Here is the problem: Theories of gravity like those of Ni are still metric, however the metric is not the dynamic field itself. So the source is not the stress-energy directly, rather it has to be contracted with the derivative of the metric w.r.t.\ the dynamic field (a scalar in Ni’s theory). Hence, the equations of motion do not allow to directly verify the conservation of the SET.

My conjecture is that in such theories the SET nevertheless is conserved (covariantly?), but one has to verify this by hand, like in the case of classical electrodynamics. But I am not completely sure. I think the symmetries behind theories like Ni’s go beyond the freedom to parametrize space-time.

 

[pervect]

I usually don't use the Lagrangian approach, and I generally try to motivate the stress-energy tensor using a swarm-of-particles approach that I've seen used in some textbooks (MTW, I believe), and a few papers (that I'd have to look up).

The basic idea is that particle density can be characterized by the number-flux 4-vector - we see the number-flux 4-vector for the case of charge in the charge-current 4-vector. The number-flux 4-vector is the equivalent to the charge-current 4-vector, but it uses particle density rather than charge. The energy-momentum of a particle can be characterized by it's energy-momentum 4-vector, and the stress-energy tensor is just the tensor product of the energy-momentum 4-vector and the number-flux 4-vector. We divide the swarm-of-particles into groups that have the same energy-momentum 4-vector, find the appropriate densities of this subset of the swarm, multiply the density (the number-flux 4-vector) for this group of particles by its shared energy-momentum 4-vector, then sum over all possible values of energy-momentum. The result is a tensor, and we call it the stress-energy tensor.

The need for the stress-energy tensor arises as early as special relativity. It seems to get a lot of pushback from people who don't quite see why we need it. And, unfortunately, much of the early literature on the topic (why we need a stress-energy tensor) is written in German.

Going from the swarm-of-particles idea to a field may also be a bit of a leap. I suppose we can argue that a swarm-of-particles is an example of a field, and then argue that approaches that work for a swarm-of-particles work for at least this one example of a field, though we may need additional arguments to say that the approach always works for all fields.

However, I haven't found much written about the connection between swarms-of-particles and fields. And I suspect that the swarm-of-particles apprroach, though it's one I use and has been written about, might not actually be the best approach here. Though I do find the very "physical" nature of the model appealing.

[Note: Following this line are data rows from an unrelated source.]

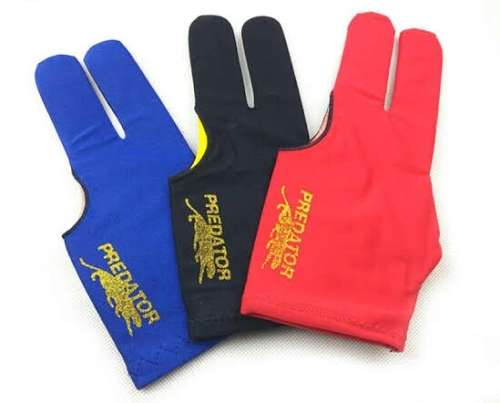 Snooker Billiard Cue Glove Pool Left Hand Open Three Finger Color: Black, Blue, Red,Brown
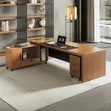 Customized Executive Table with Movable Cabinet - 2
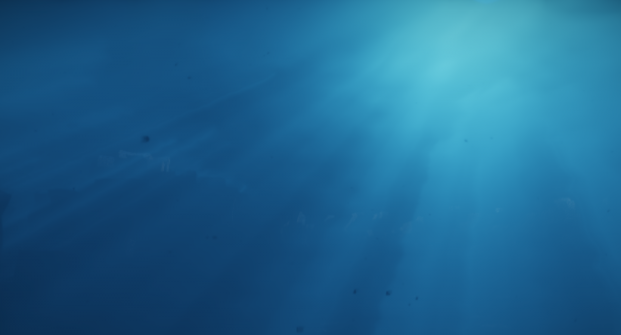 Солнечный свет под водой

I think the goal of the Lagrangian formulation is simply to assume that we have a Lagrangian density which is "independent of coordinates". Then we need to argue that the vanishing of the functional derivative of the Lagrangian density with respect to the metric is what we mean mathematically by the more physical goal of "being independent of coordinates". I don't recall reading any such argument, unfortunately, though I'd like to.

I do see people using the functional derivative as the defintion of the stress-energy tensor, for instance Wald, and I suspect one can make some argument that using this defintion winds up satisfying the end goal of making the formulation of physics "independent of coordinates". But I can't quote any such arguments, and I might be letting my intuition out on too long a leash here.

 

[PAllen]

The need for the stress-energy tensor arises as early as special relativity. It seems to get a lot of pushback from people who don't quite see why we need it. And, unfortunately, much of the early literature on the topic (why we need a stress-energy tensor) is written in German.

I want to emphasize this point. The GR SET can be seen as the obvious generalization of the SR SET. You need the SR SET if you want to consider continuous matter and fields.